- _Data for processing_
[Start of Attachment]
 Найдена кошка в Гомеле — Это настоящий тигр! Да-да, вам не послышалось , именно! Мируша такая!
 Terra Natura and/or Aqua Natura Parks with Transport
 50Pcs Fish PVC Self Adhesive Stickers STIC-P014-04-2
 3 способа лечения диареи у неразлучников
[End of Attachment]
[Start of Attachment]
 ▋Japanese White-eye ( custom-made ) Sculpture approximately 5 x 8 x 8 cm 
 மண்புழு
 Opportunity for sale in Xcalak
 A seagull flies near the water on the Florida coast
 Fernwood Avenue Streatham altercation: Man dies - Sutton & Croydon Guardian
[End of Attachment]
- _What is being asked_
Only one stretch of the records above is wanted: the lines between the one holding "Terra Natura and/or" and the one holding "3 способа лечения диареи у неразлучников", inclusive, reproduced exactly.

- _Result_
 Terra Natura and/or Aqua Natura Parks with Transport
 50Pcs Fish PVC Self Adhesive Stickers STIC-P014-04-2
 3 способа лечения диареи у неразлучников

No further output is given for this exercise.